Donald (former editor in chief, Harvard Univ. Press) here provides an accessible biography of Theodore Roosevelt (TR), who is receiving renewed attention during the centennial of his presidency (1901-09). America's last Renaissance president, TR led multiple lives: he was a rancher, soldier, historian, explorer, conservationist, hunter, and politician. Most scholars rank him at the top of the near-great presidents. Donald, who only briefly notes his faults, ranks him even higher. She not only shows how he propelled the United States from provincial status into a world power but also sheds light on how much he identified with his chief political hero, Abraham Lincoln. TR, who was given a ring by Lincoln's former private secretary to wear during his inauguration, often tried to define Lincoln as a progressive, a concept his Republican Party rejected.

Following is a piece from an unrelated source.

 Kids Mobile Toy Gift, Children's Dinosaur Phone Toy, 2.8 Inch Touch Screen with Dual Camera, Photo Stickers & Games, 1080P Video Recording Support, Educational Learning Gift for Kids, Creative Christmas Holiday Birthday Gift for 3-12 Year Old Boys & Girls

Ironically, it was TR's distant nephew Franklin who patterned his political life on TR to such a degree that Lincoln eventually morphed into a New Deal Democrat. Donald's account, although covering familiar territory, will appeal to a broad array of readers, both those already admiring the man and those new to him.

Kirkus Reviews

A compact biography of the genuine cowboy president. Donald undertakes a daunting task: compressing the crowded life of Theodore Roosevelt into fewer than 300 pages, where any year-indeed, almost any episode (see Candice Millard's thrilling The River of Doubt: Theodore Roosevelt's Darkest Journey, 2005)-merits book-length treatment. Donald offers glimpses of Roosevelt in his many guises: the sickly youth, the Harvard swell, the cowboy rancher, the frontier deputy sheriff, the amateur scientist, the historian and author, the avid hunter and explorer, the conservationist, the Rough Rider, the devoted family man. She pays a bit more attention to his deeds in public office, from his early days as an Albany legislator, to his term as civil-service commissioner under Presidents Harrison and Cleveland, to his stint as police commissioner of New York City. She turns a larger spotlight on Roosevelt the assistant secretary of the navy, the New York governor, the McKinley vice president and, of course, the inventor of the modern presidency. Donald duly notes Roosevelt's magnificent public deeds-storming San Juan Hill, busting the trusts, launching the Great White Fleet, building the Panama Canal, waging the valiant Bull Moose campaign-and takes care also to mark his failures-his mishandling of the Brownsville, Texas, army affair and his failure to challenge the 1902 Chinese Exclusion Act. Indeed, no important aspect of the life goes unexplored, but the galloping pace leaves little time for the color this subject demands. Donald fares much better with her sensitive and informed discussion of Roosevelt's political philosophy. She ably demonstrates how his life shaped his public policy, how he actedwisely and moderately on a reformist agenda and how Lincoln's example informed his presidency, the high watermark of Republican progressivism. His increasingly "radical" positions-actually nothing more than an extension of his abiding belief in the efficacy of active government-finally alienated him from the Party he so briefly defined. Although readers seeking rich detail, a portrait in full, will continue to consult Edmund Morris's exquisite two-volume biography, Donald's work serves as a fair introduction to Roosevelt's life and a fine appreciation of his politics.